The pandoc-acronyms program is released via the Python Package Index:

> pip install pandoc-acronyms
...

Alternatively, developers can clone the main repository and install using Python setuptools:

> python setup.py install
...

Once installed either way, the filter is available as a stand-alone program in the installation location used by Python.

Testing and debugging

The pandoc-acronyms code uses the standard Python unittest framework. Most tests are data-driven in that they use regular Markdown files and JSON acronym dictionaries as input and test how the code handles them. To test the filter code as regular Python unit tests, test Markdown input is first converted into the Pandoc "native JSON" format in memory and then fed to the filter code by the tests.
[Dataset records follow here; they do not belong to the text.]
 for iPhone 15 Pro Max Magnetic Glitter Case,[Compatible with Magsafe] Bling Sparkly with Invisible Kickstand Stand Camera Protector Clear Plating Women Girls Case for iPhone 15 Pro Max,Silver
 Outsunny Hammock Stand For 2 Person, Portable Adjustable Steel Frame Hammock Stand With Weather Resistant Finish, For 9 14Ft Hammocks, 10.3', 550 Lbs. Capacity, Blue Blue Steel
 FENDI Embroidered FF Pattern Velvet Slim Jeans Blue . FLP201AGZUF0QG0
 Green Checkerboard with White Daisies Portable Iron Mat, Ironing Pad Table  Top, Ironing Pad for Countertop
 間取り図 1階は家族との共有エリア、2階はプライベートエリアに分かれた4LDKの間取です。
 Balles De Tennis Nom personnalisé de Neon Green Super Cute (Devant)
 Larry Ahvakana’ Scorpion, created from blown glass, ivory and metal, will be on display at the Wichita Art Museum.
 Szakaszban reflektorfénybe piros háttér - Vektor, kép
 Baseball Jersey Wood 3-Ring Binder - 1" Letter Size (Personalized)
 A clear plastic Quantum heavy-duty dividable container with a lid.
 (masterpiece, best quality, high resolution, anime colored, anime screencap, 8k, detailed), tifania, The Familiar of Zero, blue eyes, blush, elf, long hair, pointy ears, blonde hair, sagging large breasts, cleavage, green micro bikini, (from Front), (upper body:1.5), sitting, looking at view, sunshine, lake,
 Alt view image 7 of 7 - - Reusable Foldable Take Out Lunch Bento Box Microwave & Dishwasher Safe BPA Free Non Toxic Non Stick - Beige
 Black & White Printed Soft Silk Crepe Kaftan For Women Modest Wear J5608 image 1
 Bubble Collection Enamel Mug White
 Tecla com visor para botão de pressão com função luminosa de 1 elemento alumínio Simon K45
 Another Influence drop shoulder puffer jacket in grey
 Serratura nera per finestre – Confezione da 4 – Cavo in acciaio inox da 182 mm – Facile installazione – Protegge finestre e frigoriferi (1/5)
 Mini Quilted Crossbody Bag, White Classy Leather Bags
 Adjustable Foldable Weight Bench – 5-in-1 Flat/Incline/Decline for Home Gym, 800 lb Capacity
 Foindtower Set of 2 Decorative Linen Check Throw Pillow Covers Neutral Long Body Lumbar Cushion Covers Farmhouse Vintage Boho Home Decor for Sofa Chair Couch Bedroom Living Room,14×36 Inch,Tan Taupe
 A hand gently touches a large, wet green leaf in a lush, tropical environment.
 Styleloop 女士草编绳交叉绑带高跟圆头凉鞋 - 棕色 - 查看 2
This means the unit tests run stand-alone (without the need for Pandon to invoke them as a filter), making the test code easily debugable.

How to contribute

The Git repository for the pandoc acronym filter is hosted on Gitlab. It uses the Gitlab CI system to ensure quality, also for development branches and incoming merge requests. Deployment to PyPI is automated. Development branches and merge requests will be deployed to the PyPI test instance as development packages. Commits to master will be deployed to regular PyPI as development packages. Tagged versions on master are deployed to PyPI as stable releases.

To contribute, please submit a merge request. Your merge request should maintain or increase the test coverage.